All Linux services are controlled by Corosync, do not use the standard services of Linux daemons, do not use “services” or “systemctl” commands or automatic scripts like “samba”. Any activation of the services by this type of command cancels the system monitoring by peacemaker and corosync.

Server's supervision web page

Goto « http://ip_server/web/system/ezmonitor »

Checking the synchronization of cluster data

In a terminal or by ssh access on one of the cluster nodes use the drbd-overview command

Here the 2 primary and secondary servers are perfectly synchronized at the data level since the status UpToDate is effective on both servers.

Primary / Secondary Uptodate / Uptodate shows the synchronization status of the 2 nodes of the cluster.

In case the DRBD service is not started correctly (Cluster out of service), it is possible to restart the server data synchronization service via the following command:

# service drbdserv –full-restart

Validation of the correct functioning of the cluster (Corosync)
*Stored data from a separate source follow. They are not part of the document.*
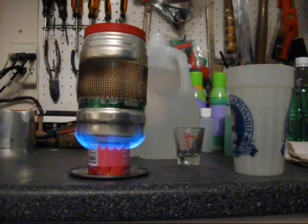Okay guys, I'm doing another burn test tonight. I was playing around with this stove earlier today and discovered something that makes sense once you realize it, but I didn't think about it until it happened.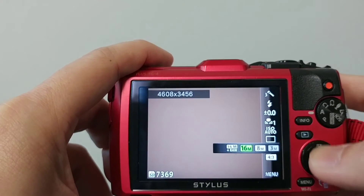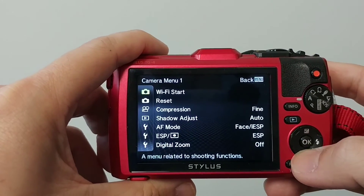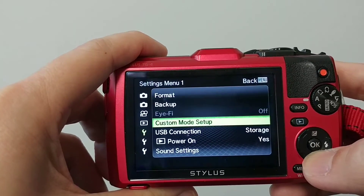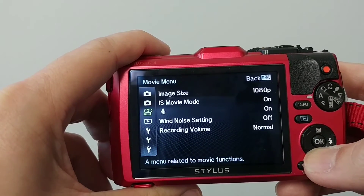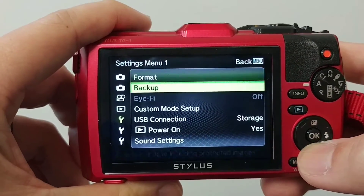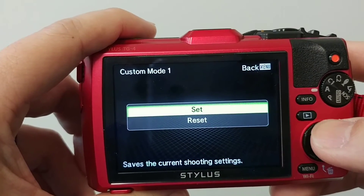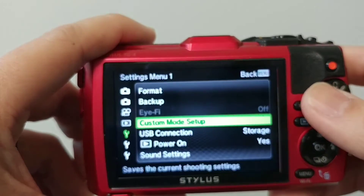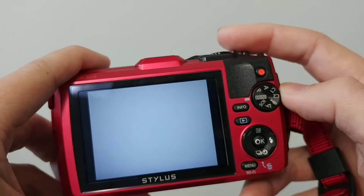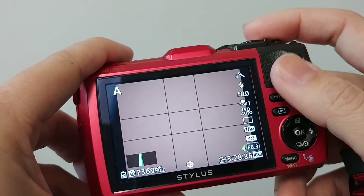I leave ISO on auto and hit okay to confirm. Then I go to the custom mode setup under the first monkey wrench menu, go to custom mode setup, hit okay, then select custom mode one. It asks if you want to set or reset — I hit set, and that saves all those parameters. I tell my staff to use auto mode for headshots, and when we have dental shots we turn to C1 mode, which has all those saved settings.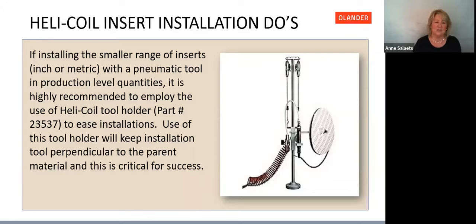For small size inserts with a pneumatic tool in production-level quantities, we highly recommend using the Helicoil tool holder. This keeps the tool perpendicular to the workpiece — critical for success — and also allows the use of tape and reel so you're not picking up inserts one at a time.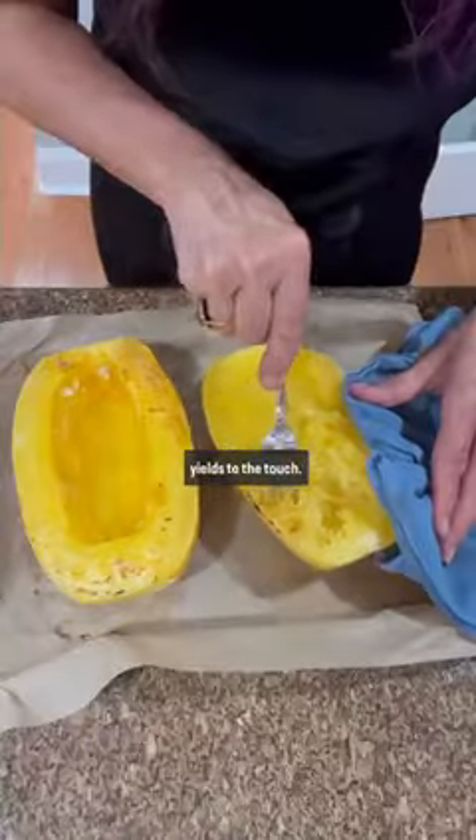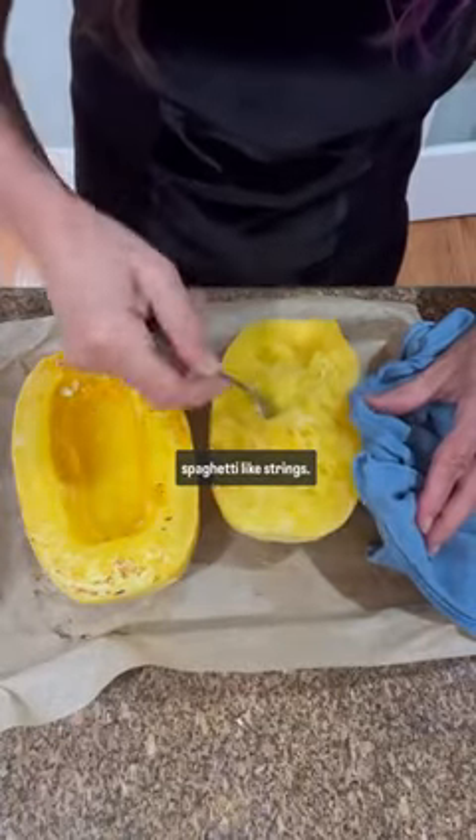Roast at 350 until the skin yields to the touch. Then scrape the flesh into spaghetti-like strings.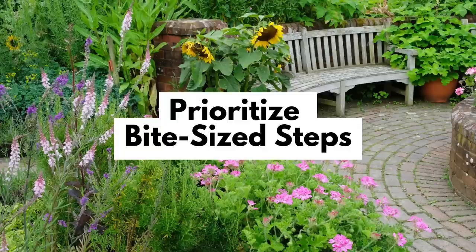My first advice is to start with a list of all of the small steps you think your landscape will require, and then prioritize that list. It sounds a little bit obvious to just start with a to-do list, but it's more than that.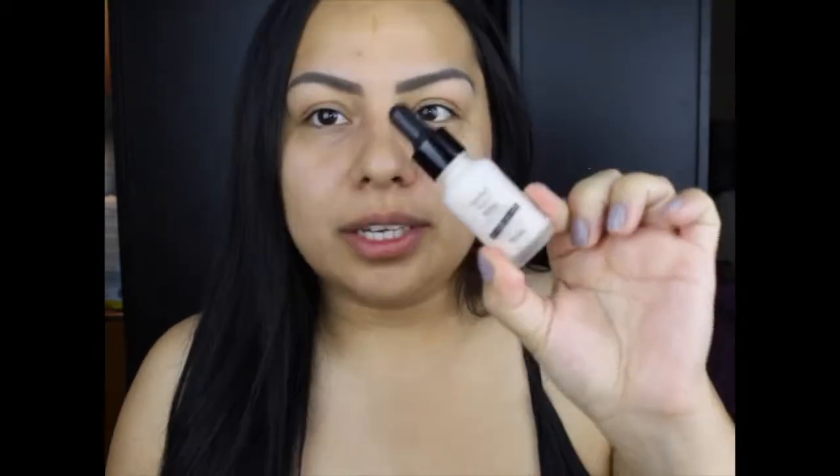Before anything, I did moisturize. I used a moisturizer that is not drugstore — this is my everyday skincare so I'm not going to include it in the video, but proceed with your moisturizer before you start your makeup to hydrate your skin. The next thing I'm going to do is primer — I'm going in with the NYX drop primer, this is drugstore and it's actually one of my favorites.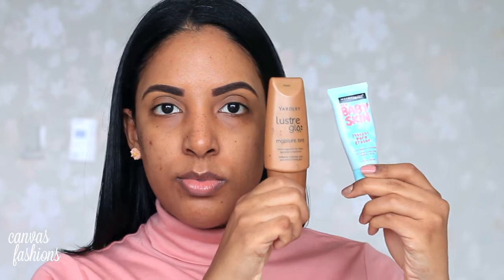Next up we're going to prime our face and add a bit of a glow. I'm using the Maybelline Baby Skin primer and then the Yardley Luster Glow drops. This is just going to create a bit of a glow underneath my foundation so my face looks glowy and gives that natural glow underneath.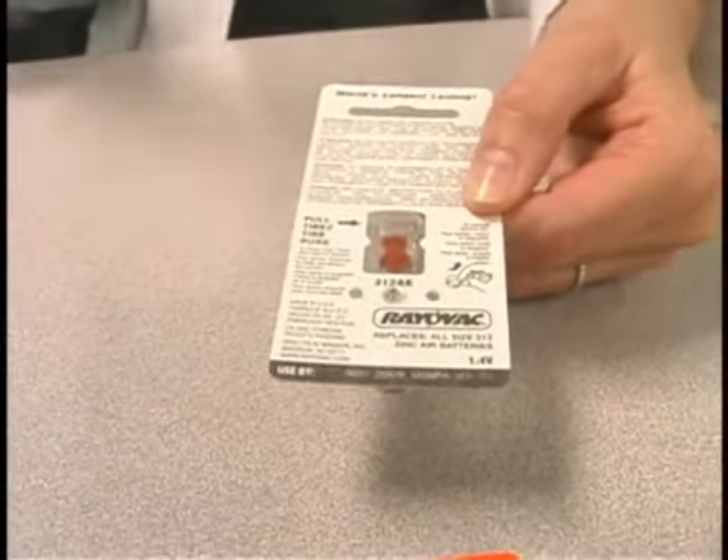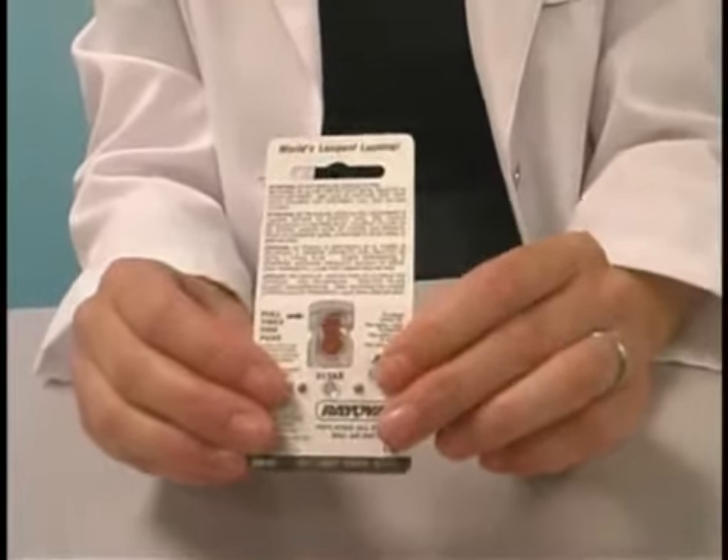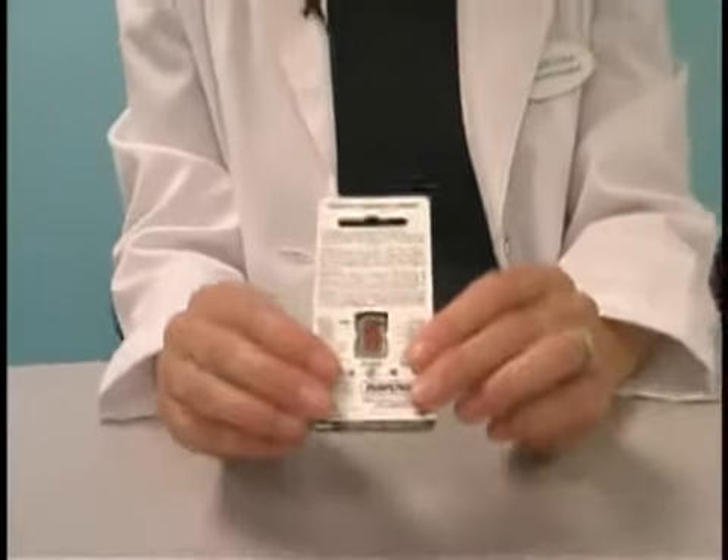So now there's air getting into the battery. They're packaged this way to preserve the life of the battery. The surface of the battery is sealed with the sticker until you're ready to use it. As soon as you're ready to use it, you remove the sticker. That activates the battery, and now you're ready to use it.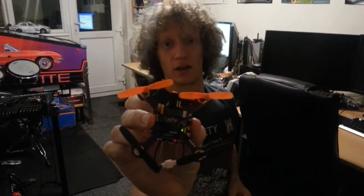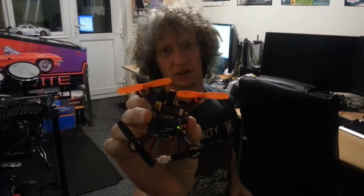So this is a CJMCU quadcopter, a little micro quad. It's got an FrSky receiver on there, four little tiny motors and a little lithium polymer battery underneath.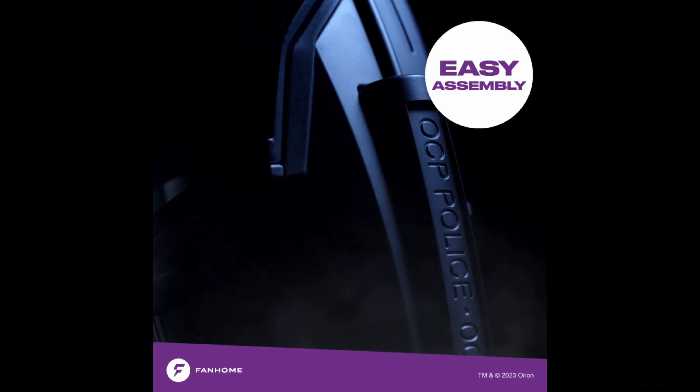This part work has been supplied to me free of charge from fanhome.com. Please pop along to their website and see all of the other build-up part works that they have to offer, as well as other collections of collectible things. Thank you once more to Fanhome for providing me with this kit. I hope you enjoy the build.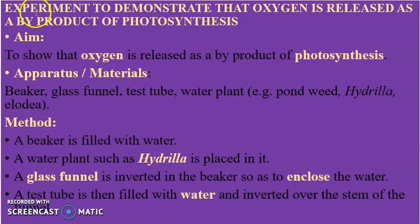Finally, we look at an experiment to demonstrate that oxygen is released as a byproduct of photosynthesis. The apparatus used are a beaker, a glass funnel, a test tube, and a water plant. In this case we are going to use hydrilla. In the method, a beaker is filled with water and the hydrilla is placed in it.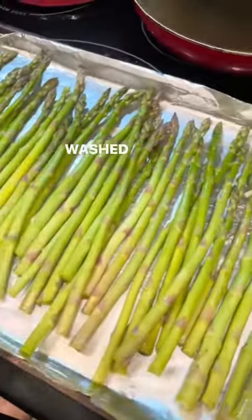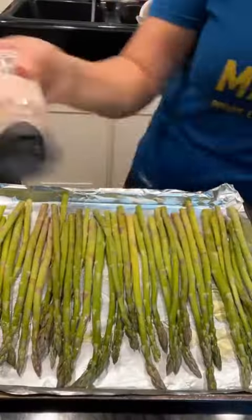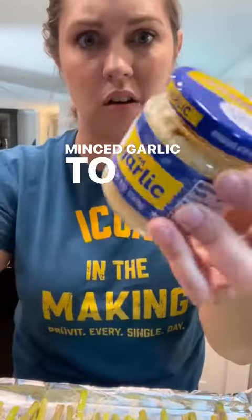It's already been washed and dried. We're going to use some olive oil, pink salt, black pepper, and then some shredded parmesan cheese. And I almost forgot — I'm also going to add some minced garlic to it too.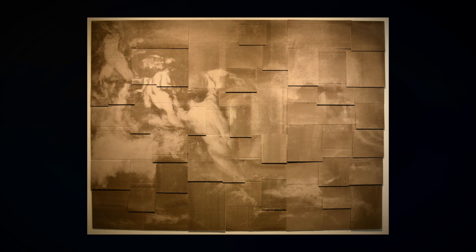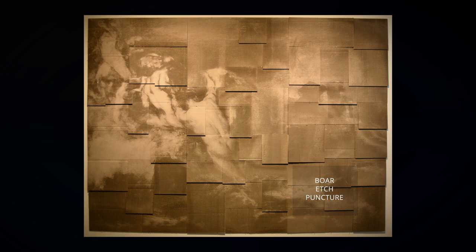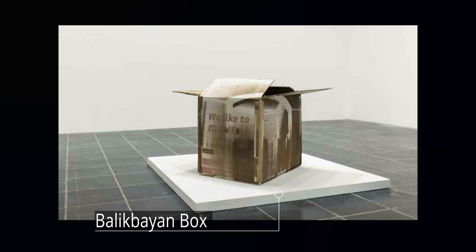Her work is a detailed approximation crafted with photography, painting, computer programs, and laser. She uses laser-cutting technology to bore, etch, and puncture delicate layers on her unorthodox canvas.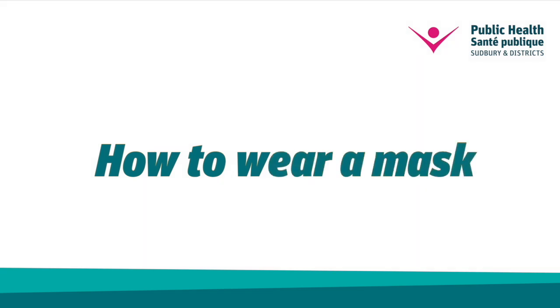Hi, I'm Katie. I'm one of the public health nurses at Public Health Sudbury and Districts. Today I'm going to talk to you about how to wear a mask.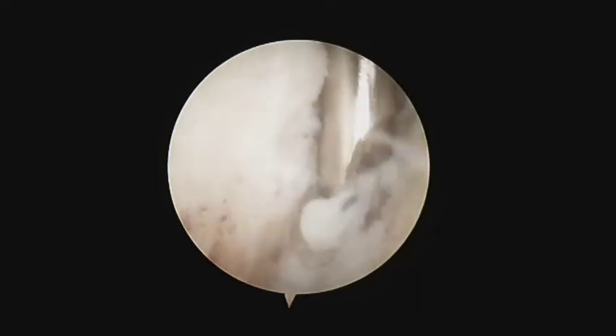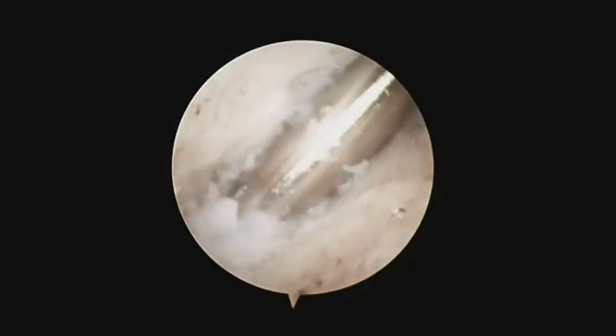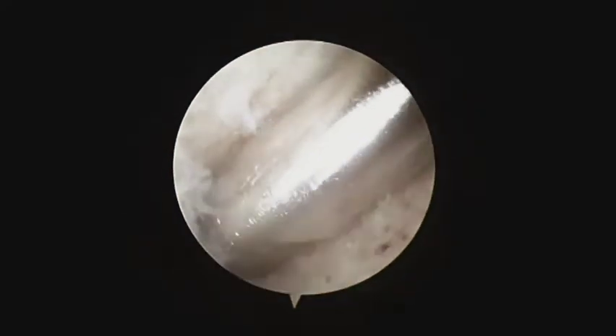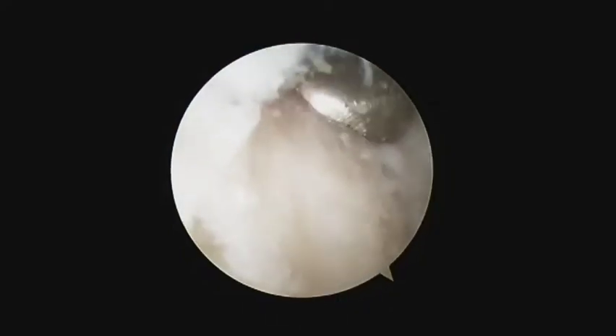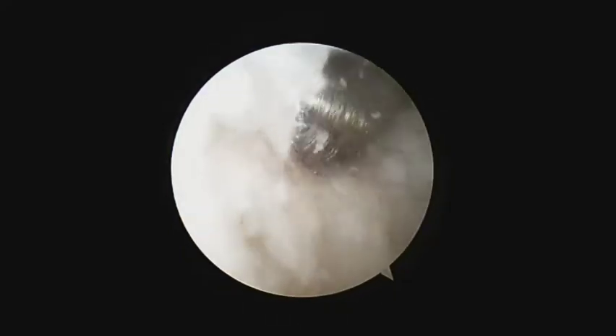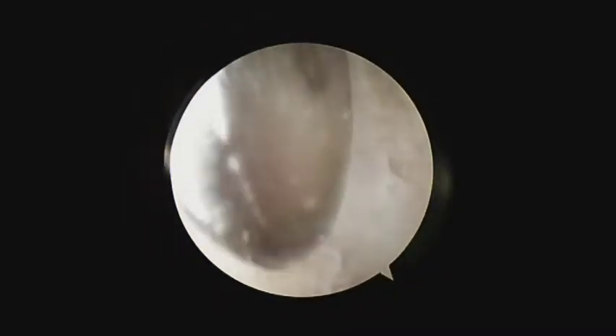The synchondrosis is debrided to expose the bone surfaces of the accessory navicular and the navicular bones. The next step is clearance of the bone surfaces by means of an arthroscopic curette, a small periosteal elevator, or an arthroscopic osteotome.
To know the state of the services managed by the cluster via a terminal or by access ssh, use the command crm status

The command returns the configuration and cluster status

Description of the configuration file

The first block indicates the state of the cluster

Last updated: Sun Sep 23 08:21:21 2018

Last change: Tue Aug 28 09:42:27 2018 via crm_attribute on dzacupsvr2

Stack: corosync

Current DC: dzacupsvr2 (34212362) - partition with quorum

Version: 1.1.7-2.mga1-ee0730e13d124c3d58f00016c3376a1de5323cff

2 Nodes configured, unknown expected votes

11 Resources configured.

The second block tells you which is the primary node, and where are the services

Online: [ dzacupsvr dzacupsvr2 ]

Resource Group: services

samba (lsb:smb): Started dzacupsvr

apache (ocf::heartbeat:apache): Started dzacupsvr

mysql (ocf::heartbeat:mysql): Started dzacupsvr

libvirtd (lsb:libvirtd): Started dzacupsvr

libvirt-guests (lsb:libvirt-guests): Started dzacupsvr

Master/Slave Set: drbdservClone [drbdserv]

Masters: [ dzacupsvr ]

Slaves: [ dzacupsvr2 ]

fsserv (ocf::heartbeat:Filesystem): Started dzacupsvr

Resource Group: iphd

clusterip (ocf::heartbeat:IPaddr2): Started dzacupsvr

clusterroute (ocf::heartbeat:Route): Started dzacupsvr

⇒ the 2 servers are “online”, and each service is operational on the primary.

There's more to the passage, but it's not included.